The massive seabirds spend their lives on their wings, soaring up to 500 miles a day and cruising at 80 mph with barely a flap, so developing flight skills are critical to survival. They are known to travel incredible distances without rest and are rarely spotted.

So seeing the birds close up and “being part of their tribe” was a once-in-a-lifetime experience for the Orange County marine biologist who usually spends her time researching marine life closer to home off the Southern California coast and educating local students. Caruso, of Cypress, was part of a team of 12 citizen scientists who recently spent six days a week for three weeks counting albatross nests on the Midway Atoll.

Just back from the monthlong trip, Caruso has been sharing what she learned with students at local middle schools. The lesson includes fascinating tidbits about the albatross, but also how plastic pollution and entanglements from fishing lines, hooks, and nets are a real threat to the birds. She also tries to inspire students to think about volunteering as citizen scientists – much of her research is done with the help of hundreds of volunteers.

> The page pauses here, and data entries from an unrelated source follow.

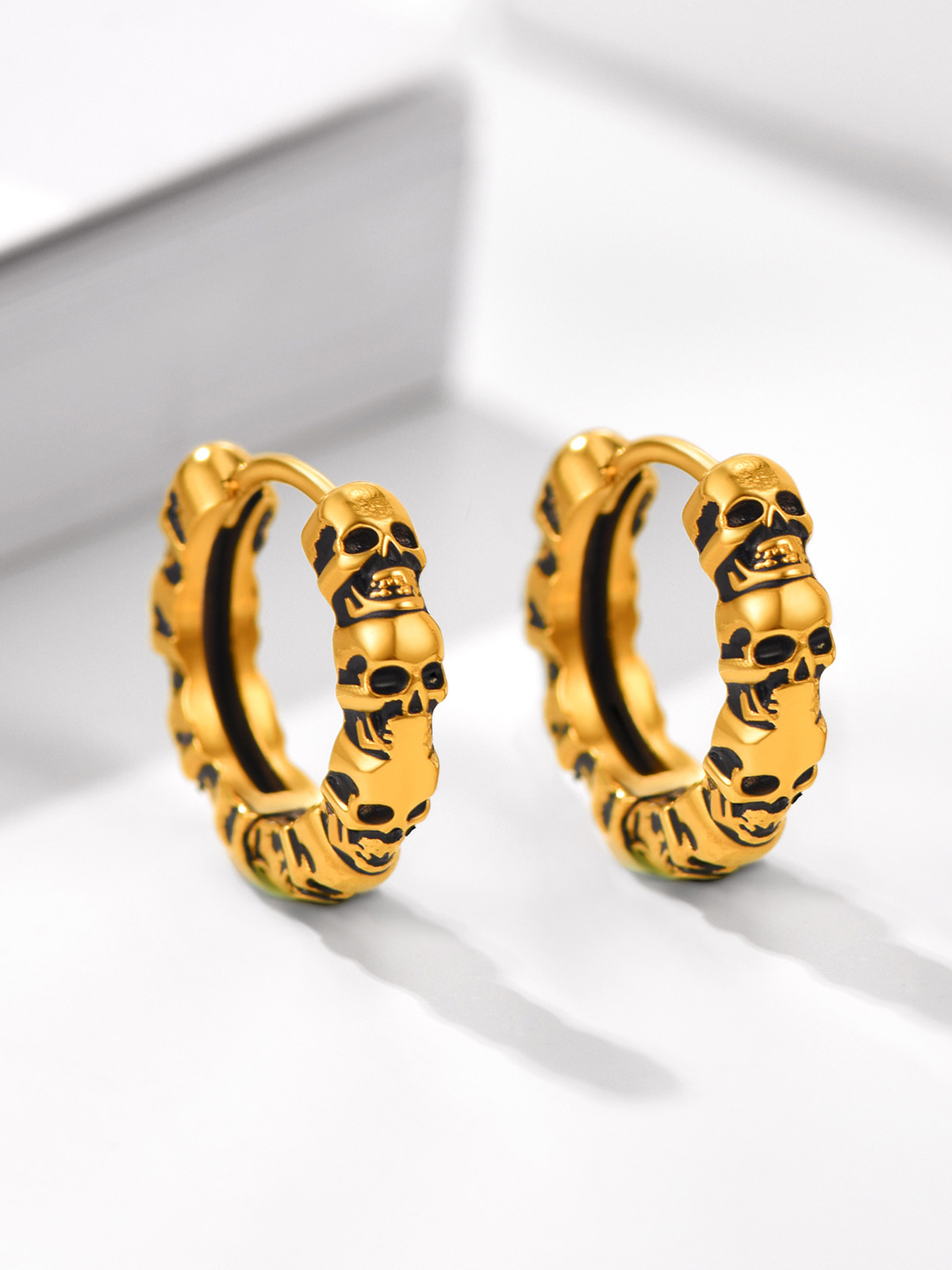 Skull Huggie Hoops Punk Rock Earrings in 18K Gold Plated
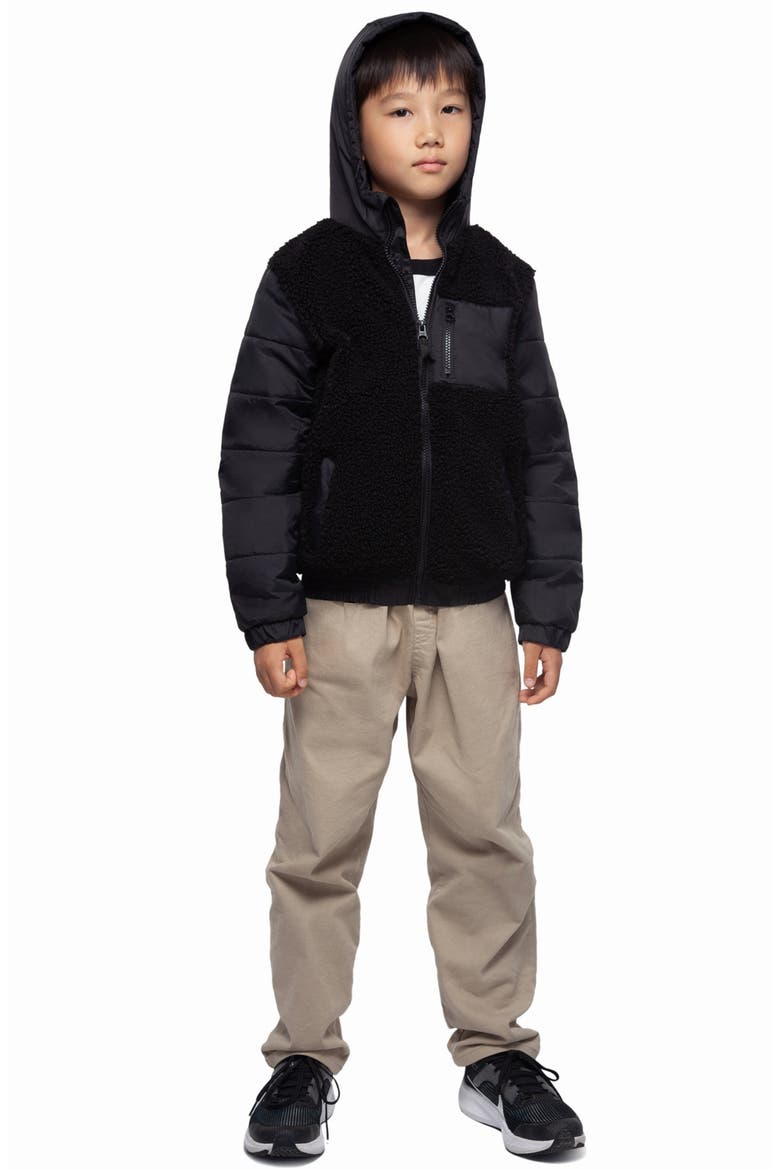 Kids' Hooded Fleece Hybrid Jacket, Alternate, color, Black
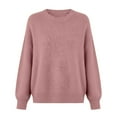 thumbnail image 4 of YueHuiYing Women's Casual Long Sleeve Sweaters Loose Crew Neck Knit Solid Winter Cozy Knitted Sweaters, 4 of 4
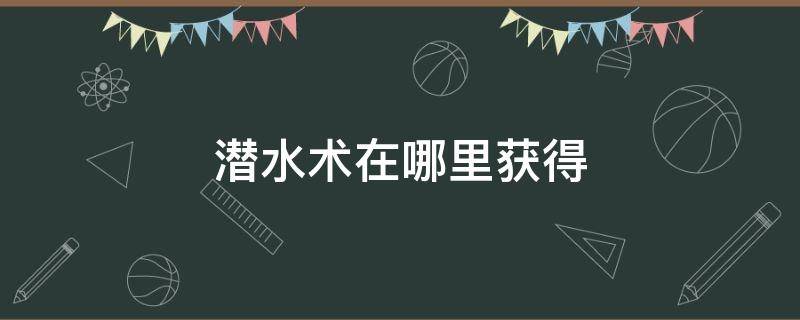 潜水术在哪里获得 绿宝石潜水术在哪里获得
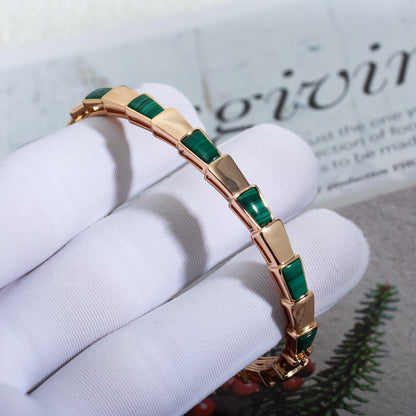 [Stellar Jewelry]SERPENTI BRACELET PINK GOLD MALACHITE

“I was handing them pieces of grass,” Caruso said of her recent experience as one of a dozen volunteers helping United States Fish and Wildlife officials with their annual albatross nest count on the U.S. territory island. The atoll is home to at least 70% of the albatross population and is known for its use during World War II and the battle that secured it for the U.S.

 

“They’d go about their business preening and they’d talk to their egg,” Caruso said. “I’d sit and watch them do their dances. There aren’t many places in the world where you can be among them.”

Counting albatross annually

The wildlife department – along with the Friends of Midway Atoll – have kept track of the elusive seabirds since 1991 after the U.S. Department of the Interior took over monitoring the atoll’s islands from the Department of Defense when a Navy base was shuttered and the islands became a marine sanctuary and national historical monument.

The count starts in December and must be completed in 21 days by the Nesting Albatross Census Team, which tracks two species of seabirds on the island: the black-footed albatross and the Laysan albatross.